Did you check / replace the oil pressure sensor? Wiring in good shape?


----------



## Butcher (Jan 31, 2001)

'Fine' is not a spec. What was the oil pressure? If I recall, it's got to be above 1.9 bar at 2k [HOT, 30 min road test on the freeway]. If it is not, then you are loosing oil pressure somewhere. These engines are known for that. Mostly due to poor oil services in the past. Cam bearings are not replaceable and can be the issue since they are one of the last bearings to get lubricated. Realistically, your engine is done, as in worn out. There is a large internal leak somewhere which is causing the low pressure. You could try a new filter and what not, but I've been down this path with a couple clients cars and it's never good news.

So what can you do to keep the light from coming on? Try a lower pressure oil switch. 06A 919 081J activates around 1.6 bar or 038 919 081K that activates at .85 bar. This will NOT fix your worn out engine, but it should take car of your oil pressure warning light telling you that your engine is worn out.


----------



## Dillman96 (Jan 14, 2018)

I didn't replace the oil pressure sensor. I didn't even know it had one. 
The oil pressure once it's warmed up is at 35 psi at 2k and around 27psi at idle


----------



## cuppie (May 4, 2005)

Dillman96 said:


> I didn't replace the oil pressure sensor. I didn't even know it had one.


Well, how do you thing it (or any engine) can throw a pressure warning?  


> The oil pressure once it's warmed up is at 35 psi at 2k and around 27psi at idle


Replace the oil pressure switch. It's broken. I wouldn't be surprised if you find that the wire side of it is wet with oil. 

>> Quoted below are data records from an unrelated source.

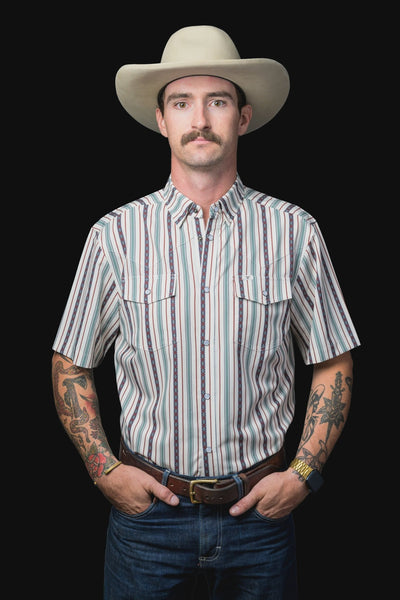 Ferrell - Ed Short Sleeve Snap Shirt Green - Southern Soule Designs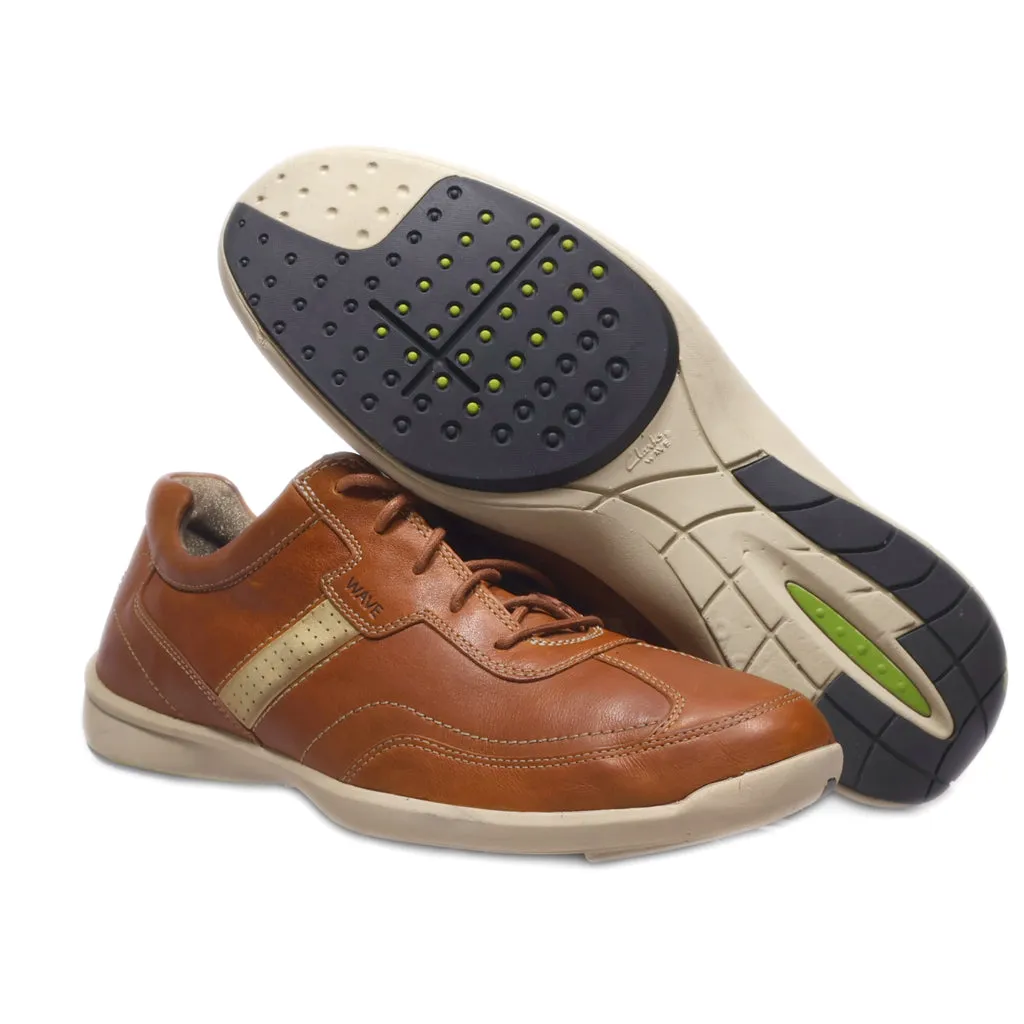 Clarks Wave Casual Lace Ups Leather Brown Colour For Men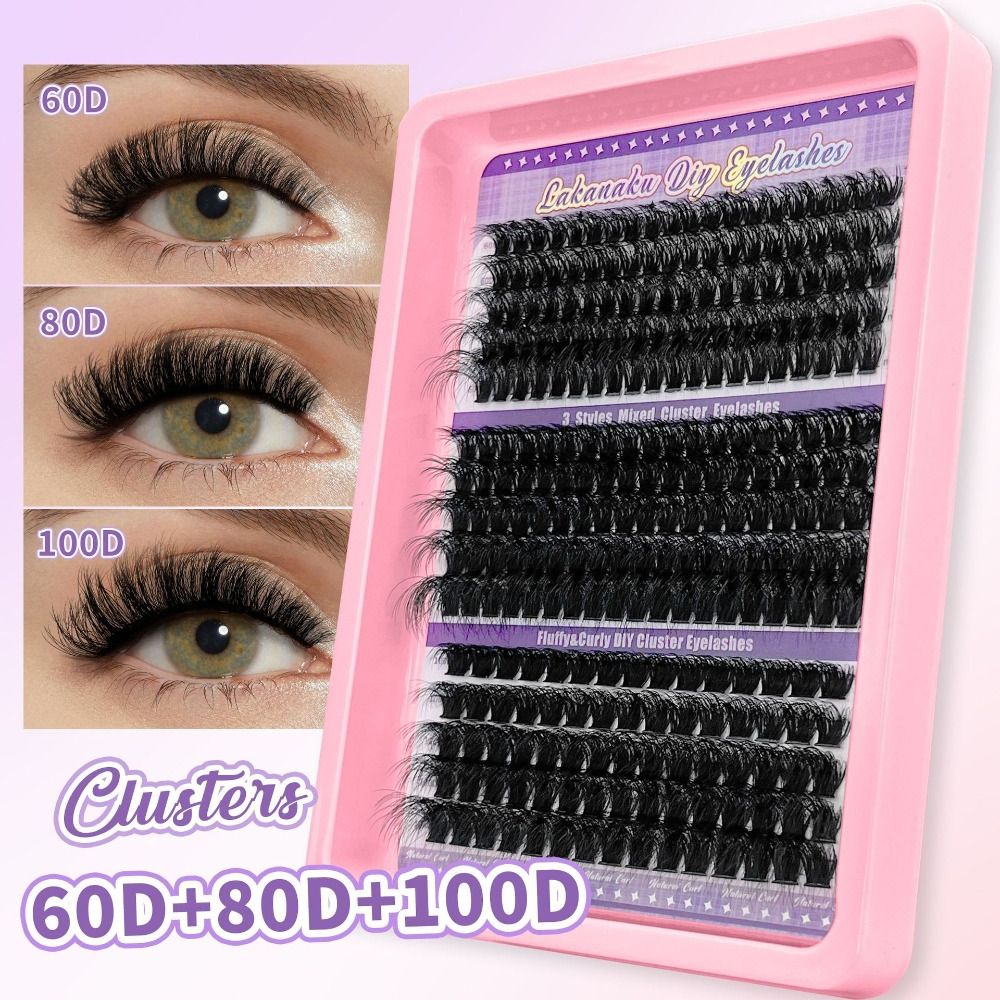 9-16mm Length False Eyelashes  - Eyelash Extension Wispy Look 评论和价格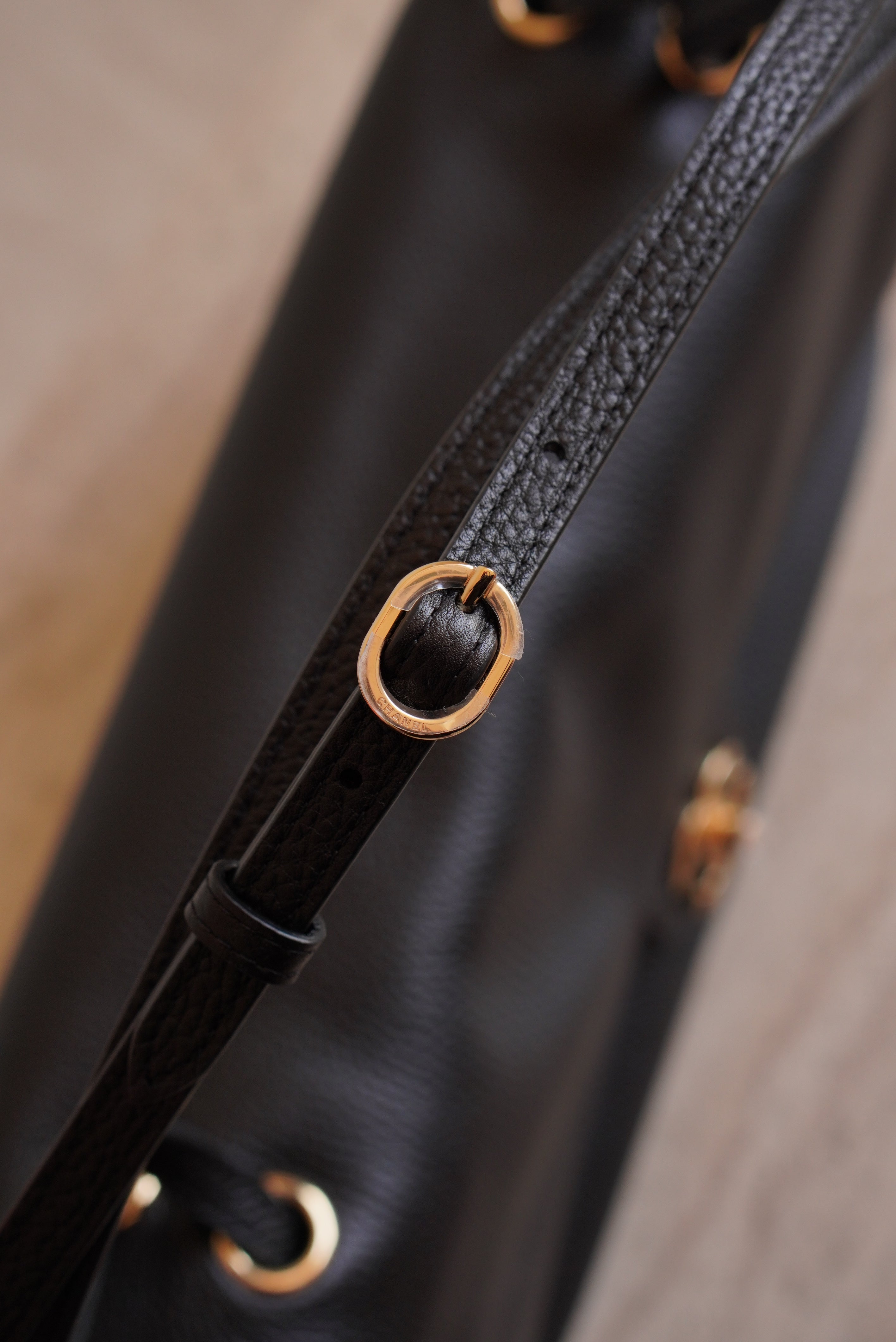 CHANEL 26S MAXI FLAP 32CM  | BLACK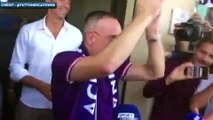 Franck Ribéry accueilli comme une rock star à la Fiorentina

Recommendation: Use only a real, Genuine VW part. I've been burned many times in the past by carpy aftermarket pressure switches, on several VWs. Never an issue with a 'real' part.


----------



## GTI's (Nov 27, 2011)

Dillman96 said:


> I recently bought a 2001 passat wagon 1.8t 5 speed. Once I get around 1500 rpms the stop oil pressure light comes on and won't go away. I replaced the oil pump and cleaned the engine, oil pan, and oil pickup screen in case there was sludge. It was pretty clean. I have an aftermarket oil pressure gauge and the oil pressure is fine. The oil level is fine too. I don't know what else could be making that light come on. Also I took my steering wheel off to replace the switch for the blinker and now I have an airbag fault light. I know I but the airbag back in right. How can i clear that fault? It won't pass emission with the oil pressure light and that's due in the next 30 days


Do you still have the aftermarket gauge hooked up all the time?? If you do did you tee it in with the factory pressure switch?


----------



## Butcher (Jan 31, 2001)

I agree with using factory/OEM parts. 

Hot is where you need to check the pressure. This hot reading is your foundation of what you are going to do next. Remember, hot is running down the freeway for a good 30 mins. Oil temperature needs to be 200F or better. 

If indeed the oil pressure is as high as you say it is [hot], then I would start with checking the switches [they are not sensors, sensors have a variable reading and switches are on/off readings]. If the oil pressure warning comes on at 2k rpm, then I would focus your attention on the high oil pressure switch. I believe that is located at the oil filter housing.


----------



## GTI's (Nov 27, 2011)

What's the engine code on your 1.8T?


----------